It’s also important to give yourself enough time to put your plan into action. A transition plan may take two to five years to develop. But procrastinating can prove to be very costly.

Start planning today

Having a succession plan in place will protect the value of your business should any unforeseen event force you to exit your business in a hurry.

Here are six essential steps to remember as you start planning.

Get advice—Be sure to consult early and often with key advisors, including your bankers and other financial partners, your accountant, your lawyer and your advisory board, if you have one. To help plan your succession, you may also want to hire a consultant who specializes in business successions and/or mergers and acquisitions.
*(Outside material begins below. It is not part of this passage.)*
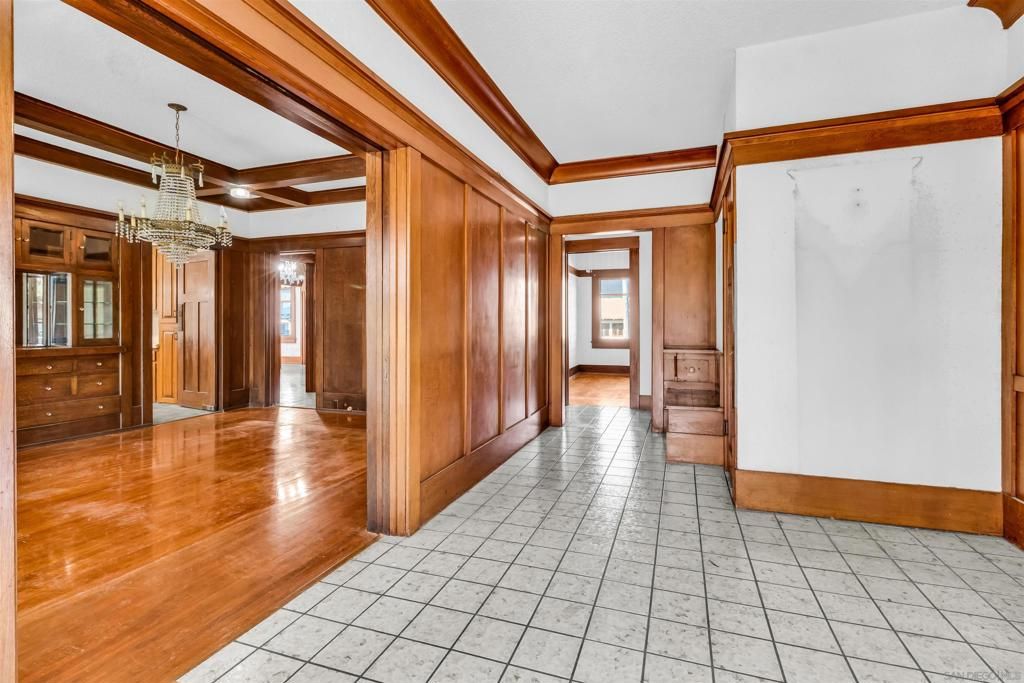 Image 9 of property listing at 4190 92 Palmetto way, San Diego, CA 92103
Choose the type of successor—You will have to decide who you want to pass the business on to—a family member, company insiders (members of your management team, employees or both) or an outside buyer. Also, consider how much, if at all, you want to remain involved in the business after the transition, so you can structure the transaction accordingly.

Prepare your successor—In the case of family or insider successions, think about what skills or qualifications your successors will need and how you will get them ready. The training process can take years—another reason you shouldn’t wait to get started with your preparations.
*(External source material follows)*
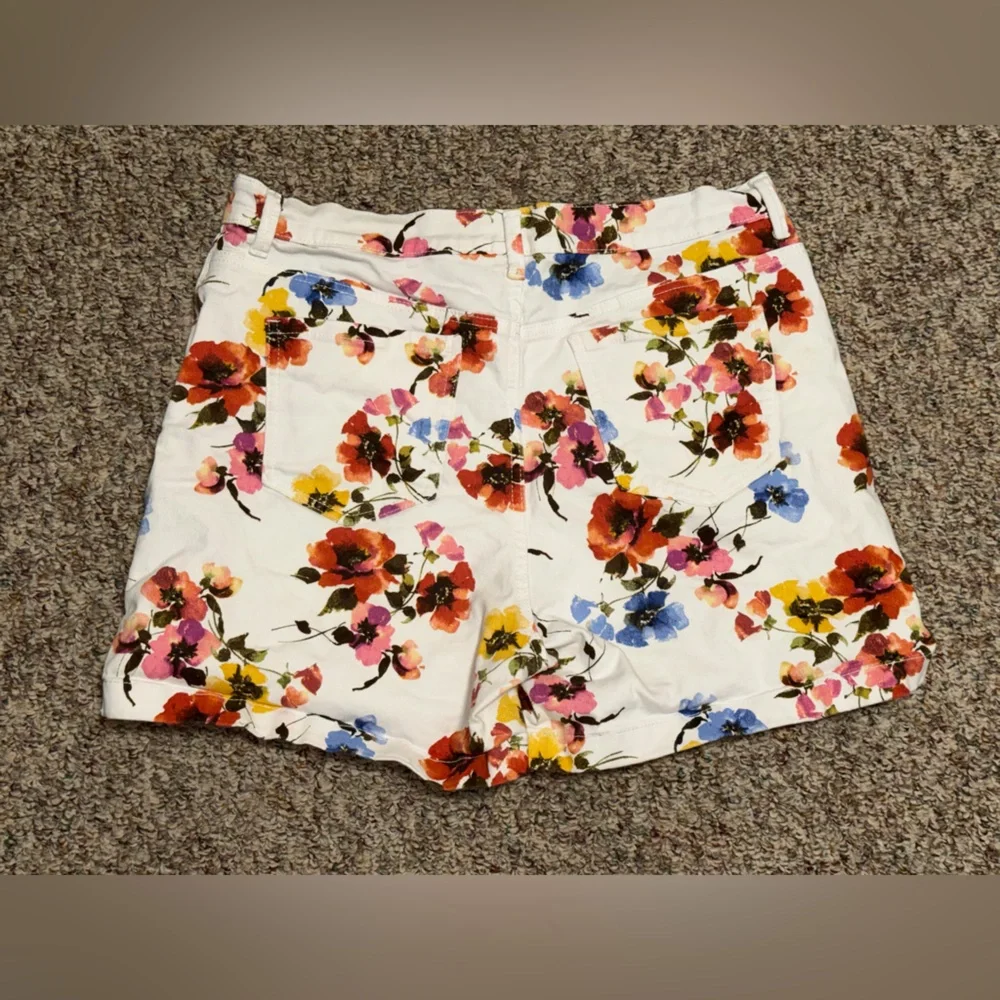 Women's plus size 16 Gloria Vanderbilt‎ Floral Women's Shorts flowers summer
Structure the transaction—Consider the details of the actual transfer of ownership. These include valuation, financing, tax considerations, the legal structure of the new business and a timetable for the transaction.

Plan the handover—Don’t overlook the very important task of planning the handover of the business. An ownership succession can be stressful and disruptive not only for the departing owner, but also for employees, customers and suppliers. You should come up with a plan to ensure open and consistent communications with these stakeholders throughout the transition.

Review your plan—Your plan is never really done. Review it regularly to keep it up to date.